ホームアシスタントはエアコンとの連携をアピールしており、他の家電との連携についてはスタッフの説明に任せているカタチだ。
ロボホンコーナーでは、先日のアップデートで実装した2体のロボホン同士の掛け合いが見られる。ロボホンとロボホンが延々とあっち向いてホイを続けていて微妙にシュールだ。ロボホンは法人への導入提案も進めており、飲食店などの受付・接客、多国語による観光案内、見守りなどの事例を紹介していた。
IGZO / 8Kゾーンは、IGZO技術を応用した四角くないフリーフォームディスプレイ(FFD)や、超高精細ディスプレイの展示だ。85インチ8Kモニターを使ったCG女子高生「Saya」の動画や、NHKが試験放送中のスーパーハイビジョン番組の上映なども行う。
Be Originalゾーンは、シャープの100年を超える歴史の中で、エポックメイキングだった商品の展示。太陽電池電卓、液晶ビューカム、カメラ付き携帯電話、初代AQUOSなどが並ぶ。Be Originalはシャープのキャッチフレーズだった「目の付け所がシャープでしょ」のニュアンスを英文にしたもの。

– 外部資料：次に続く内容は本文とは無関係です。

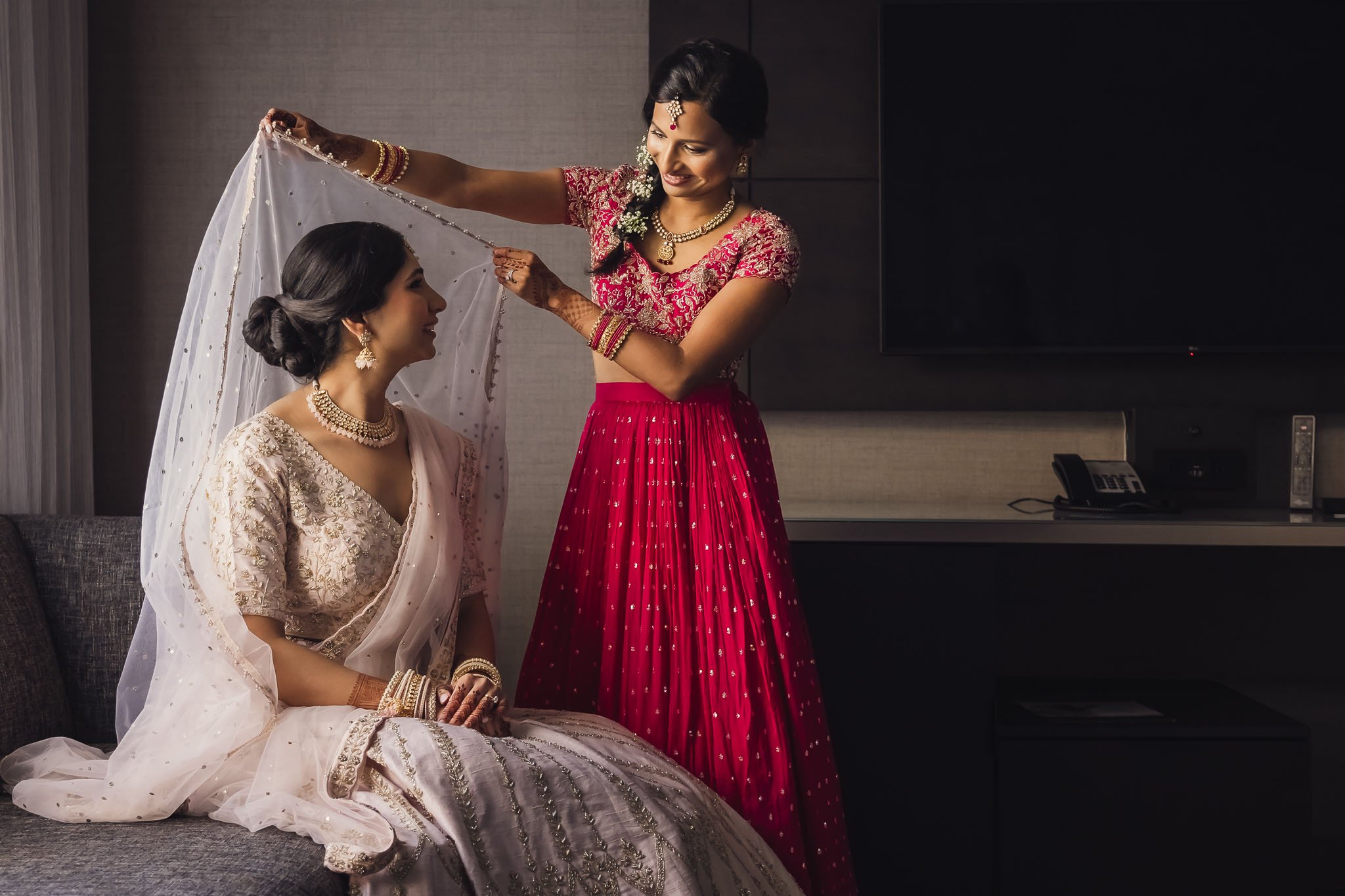 Putting a Dupatta on Indian bride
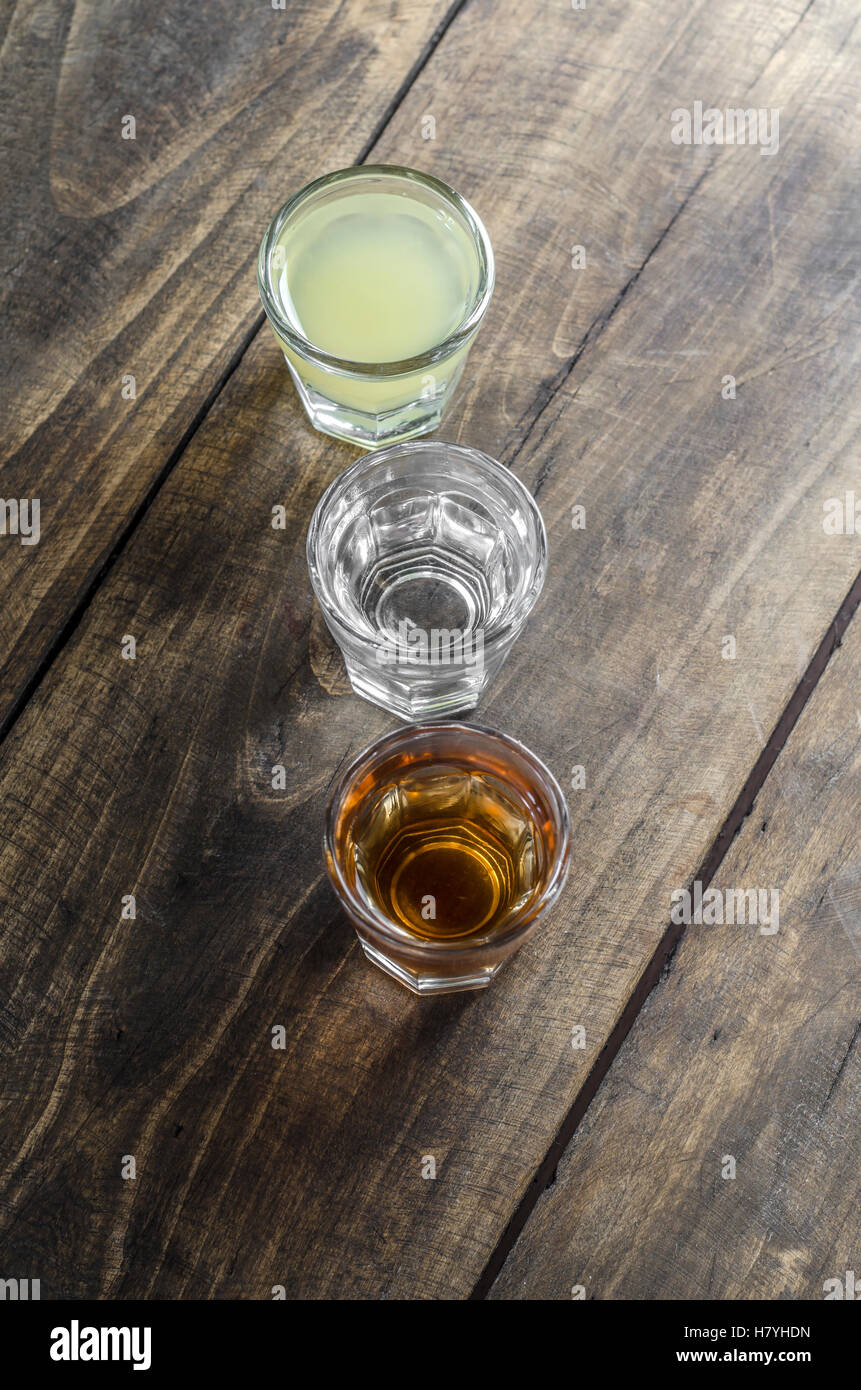 Glass of alcohol on wooden background close up Stock Photo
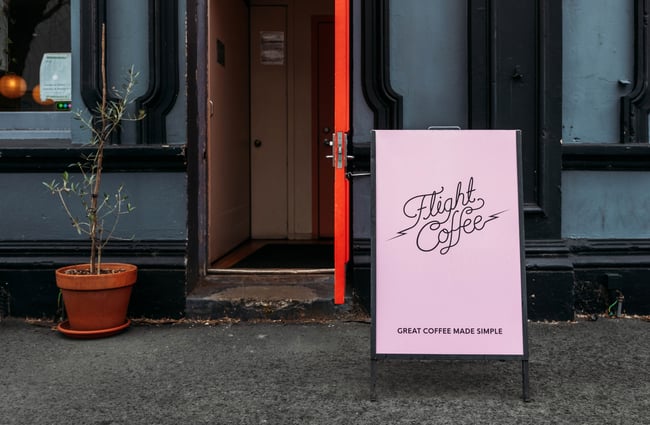 A pink 'Flight Coffee' pavement sign.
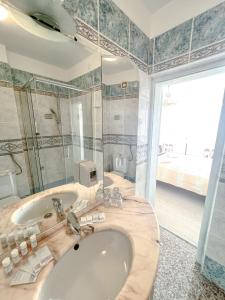 a bathroom with a large tub and a sink at Villa Nico in Zadar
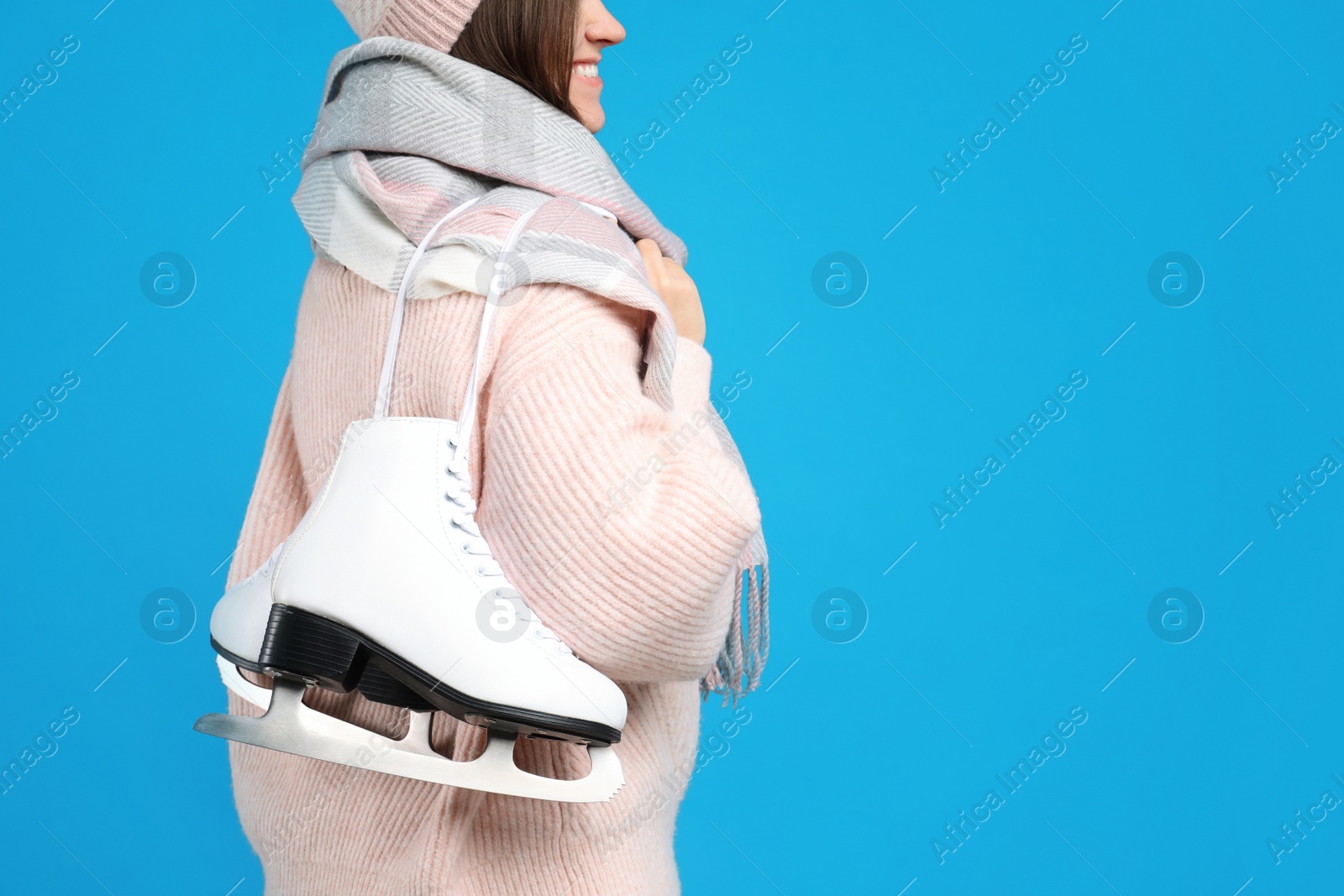 Photo of Happy woman with ice skates on light blue background, closeup. Space for text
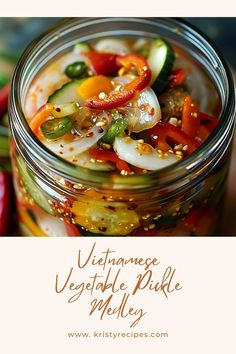 a glass jar filled with vegetables sitting on top of a table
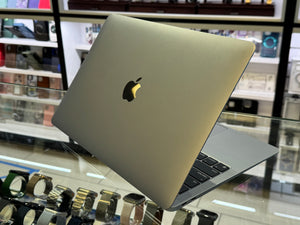MacBook Pro on display in a store with watches below
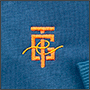 Вышитый на свитере логотип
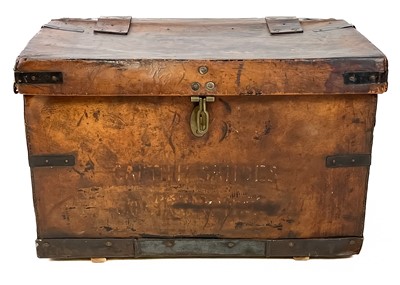 Lot 325 - A late 19th century leather metal bound carriage trunk.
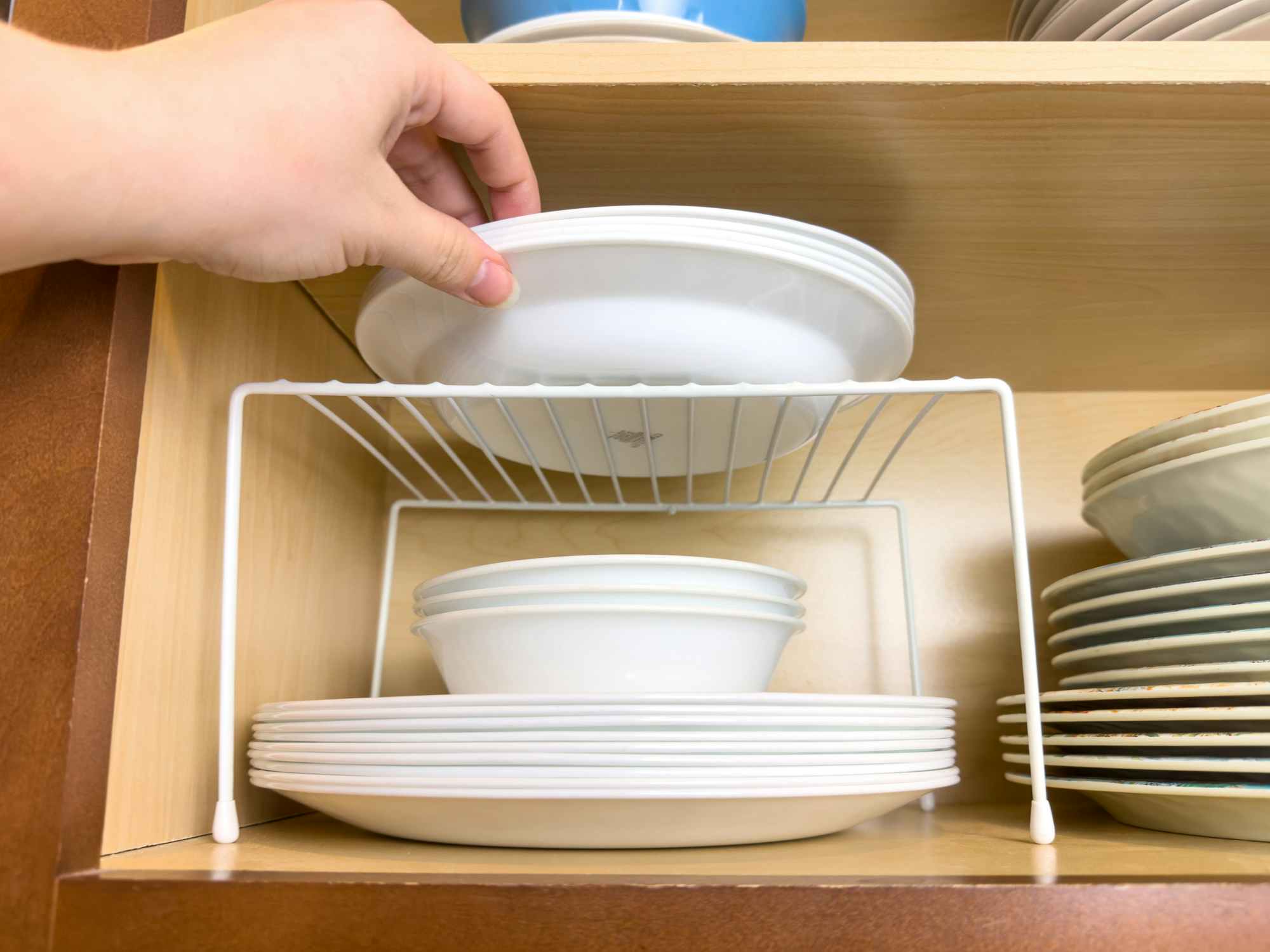 Someone putting dishes onto a small shelf inside a kitchen cabinet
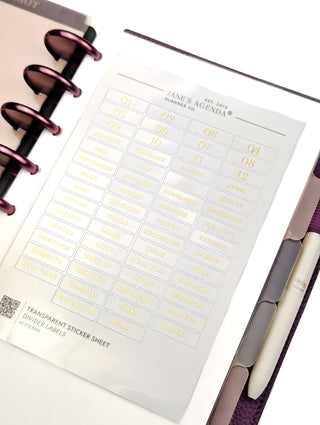 Transparent gold foiled divider labels over a discbound planner on a white background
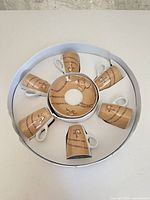 Boxed cappuccino set showing six cups arranged around stacked saucers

全体的にワクワクさせてくれるソリューションが豊富で、見どころも用意されている印象だ。ただ、やや厳しい指摘をすると、AIoTがメインコンテンツでありながら、AIoTから外れたソリューションも並んでいるのは気になった。8K映像モニターやIGZOによるフリーフォームディスプレイなどは圧倒的な画質と見た目の斬新さで目を引くのだが、ここに展示しているものが、ホームアシスタントやロボホンから操作できれば、もっと一体感が演出できて楽しめるのではないかと感じた。